WHAT NEEDS TO BE DONE → Below are records; the lines starting at the one with "Coach girls crossbody handbag" and ending at the one with "Glitch Energy Logo" must be reproduced exactly, both included. Pictures must not appear.

DATA PROVIDED →
┄┄┄┄┄┄┄┄┄┄┄┄┄┄┄┄┄┄┄┄

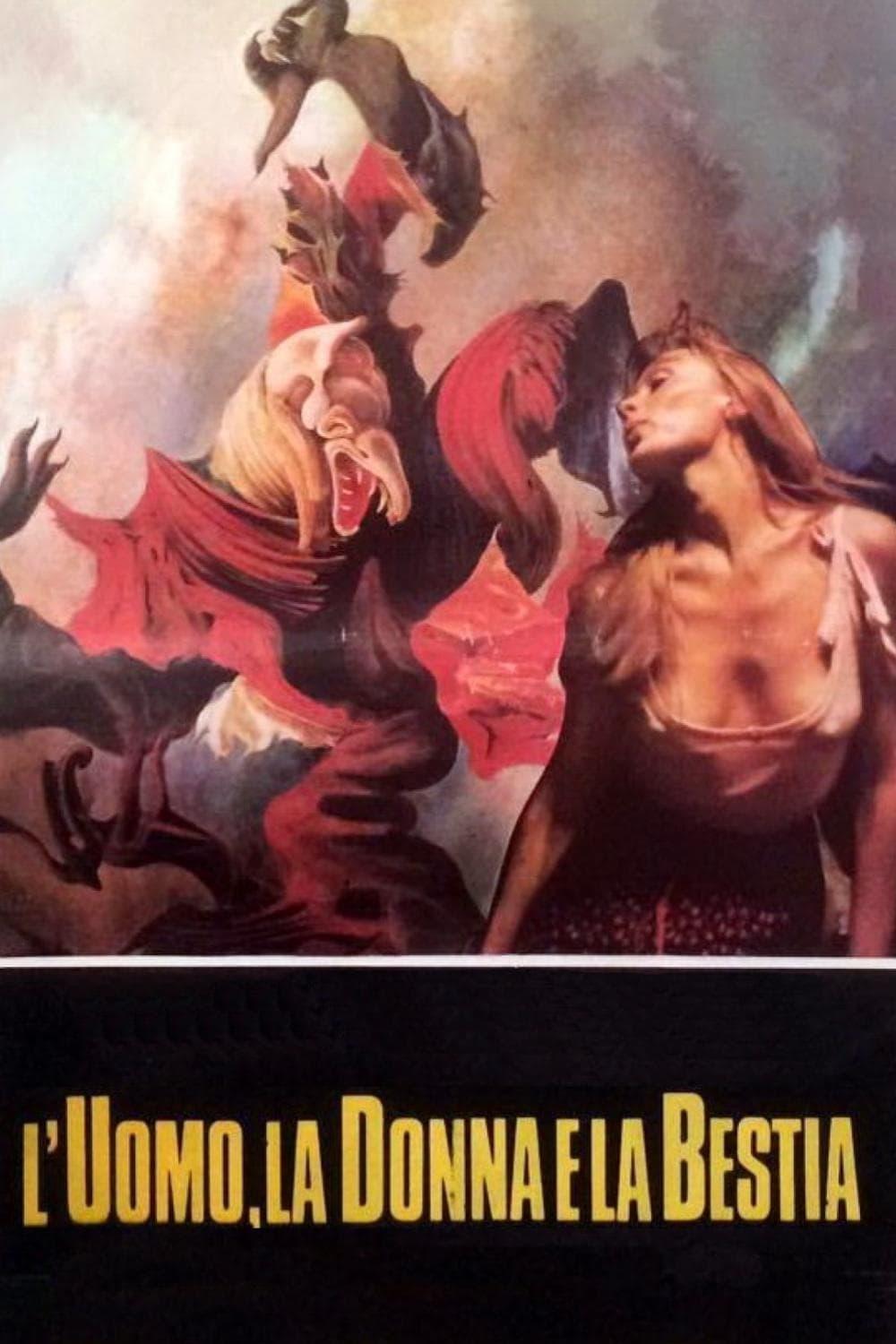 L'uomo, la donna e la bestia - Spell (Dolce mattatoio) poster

┄┄┄┄┄┄┄┄┄┄┄┄┄┄┄┄┄┄┄┄

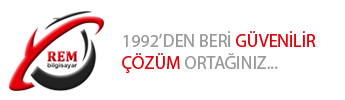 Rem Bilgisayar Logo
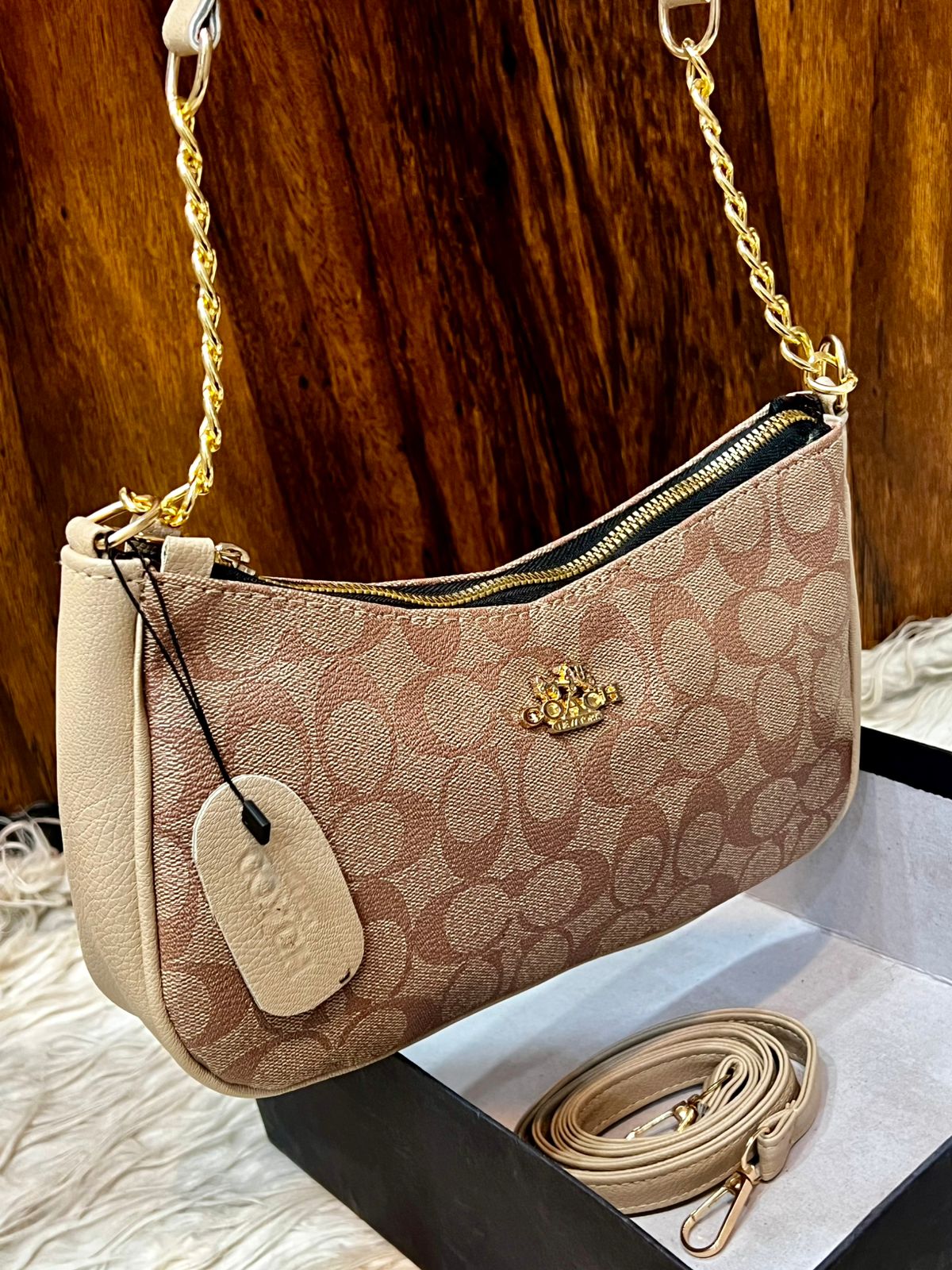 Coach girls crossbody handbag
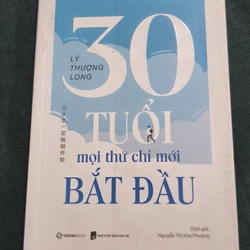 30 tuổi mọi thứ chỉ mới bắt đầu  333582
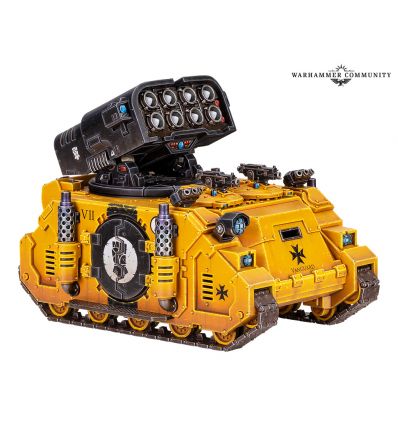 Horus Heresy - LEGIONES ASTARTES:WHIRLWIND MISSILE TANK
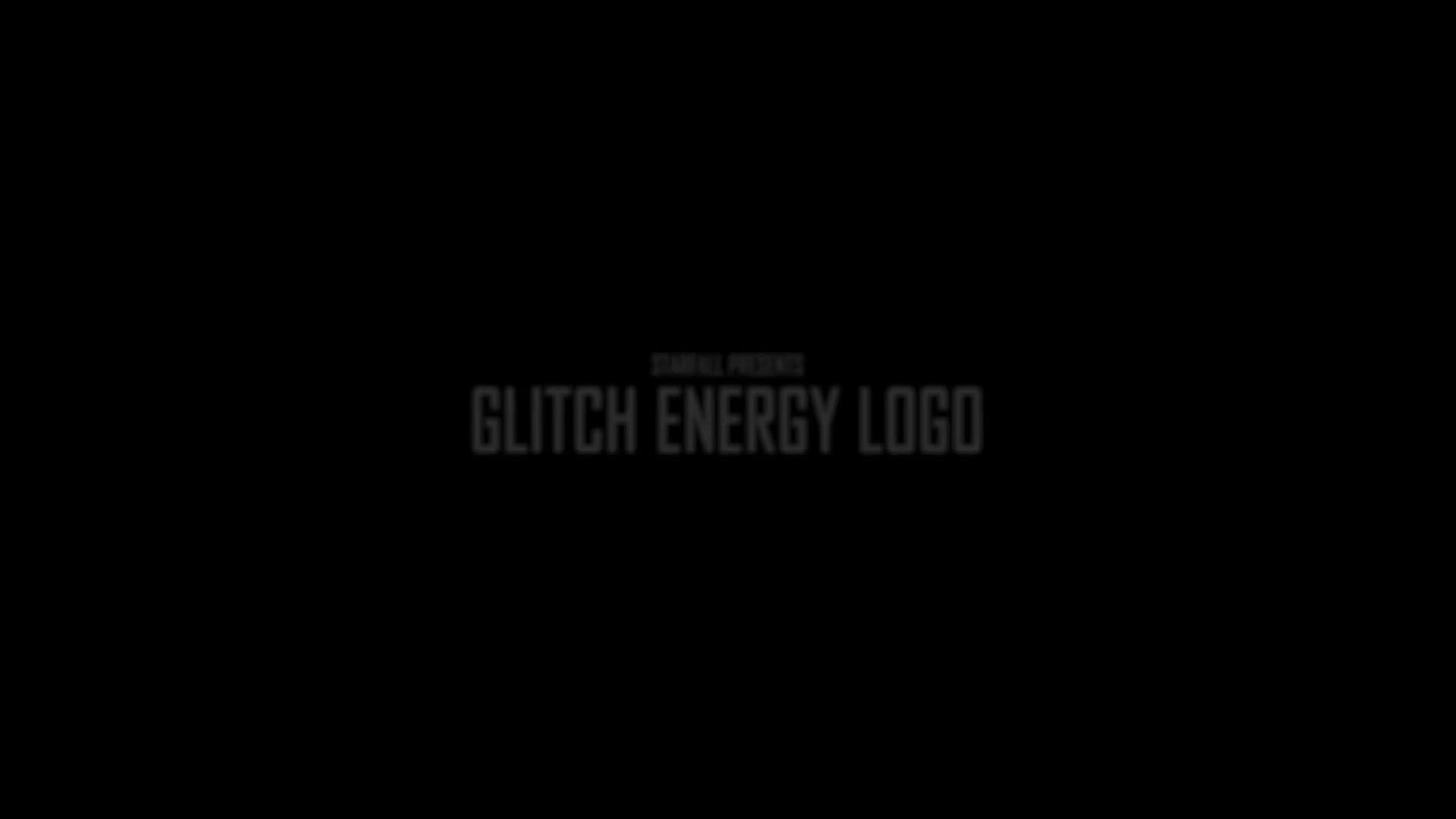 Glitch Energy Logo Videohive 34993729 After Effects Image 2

┄┄┄┄┄┄┄┄┄┄┄┄┄┄┄┄┄┄┄┄

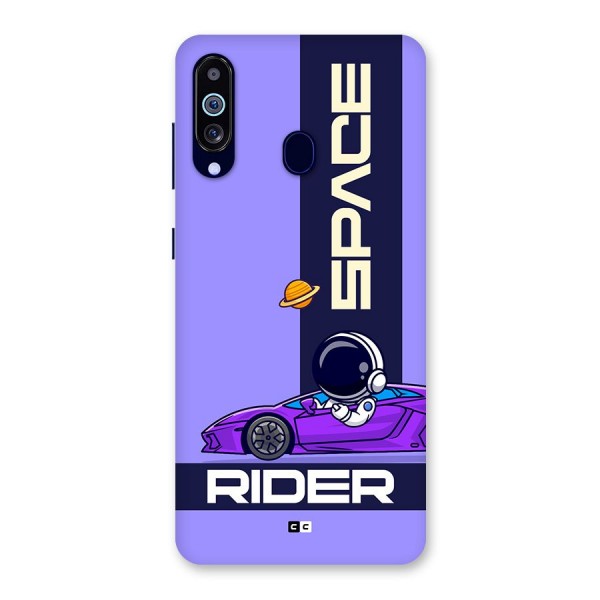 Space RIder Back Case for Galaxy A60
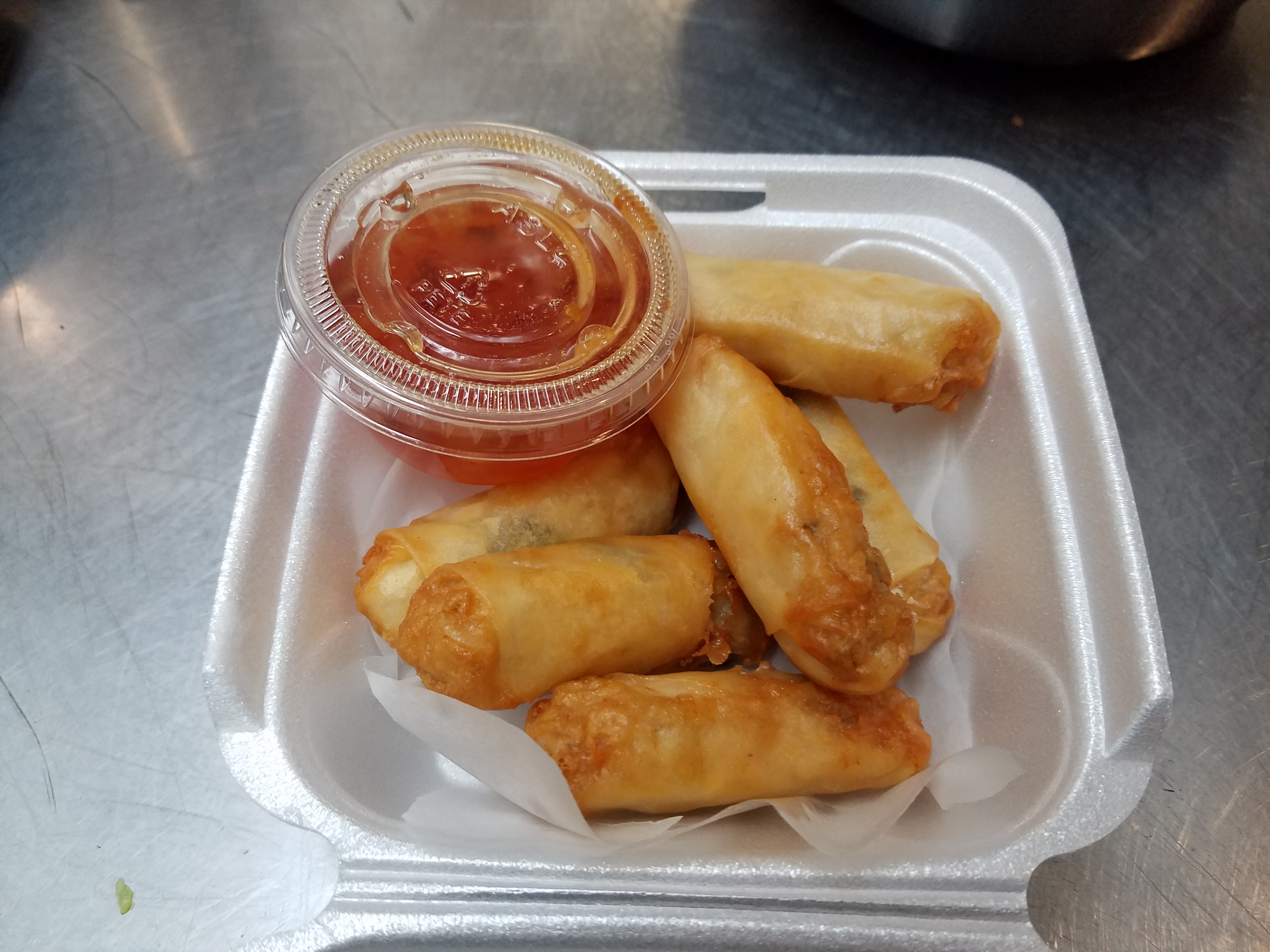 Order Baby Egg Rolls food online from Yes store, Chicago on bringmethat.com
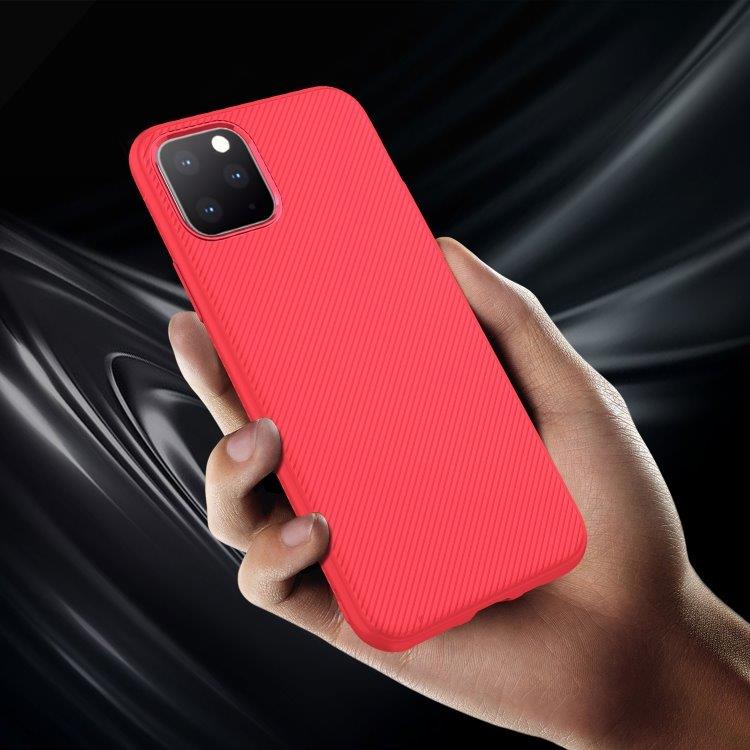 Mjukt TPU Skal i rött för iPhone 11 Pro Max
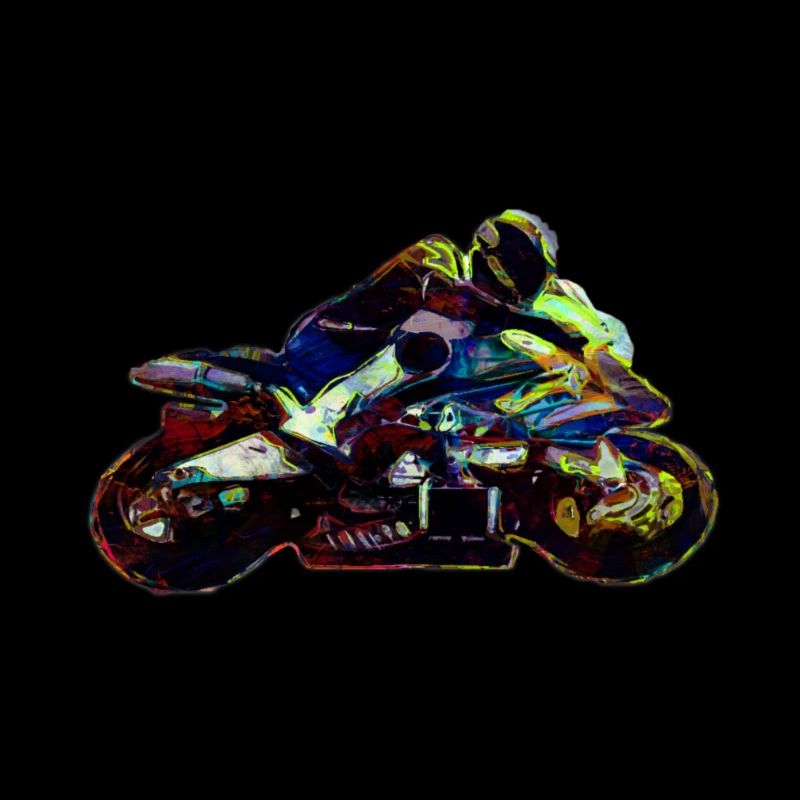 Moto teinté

┄┄┄┄┄┄┄┄┄┄┄┄┄┄┄┄┄┄┄┄

RESULT BELOW →
 Coach girls crossbody handbag
 30 tuổi mọi thứ chỉ mới bắt đầu  333582
 Horus Heresy - LEGIONES ASTARTES:WHIRLWIND MISSILE TANK
 Glitch Energy Logo Videohive 34993729 After Effects Image 2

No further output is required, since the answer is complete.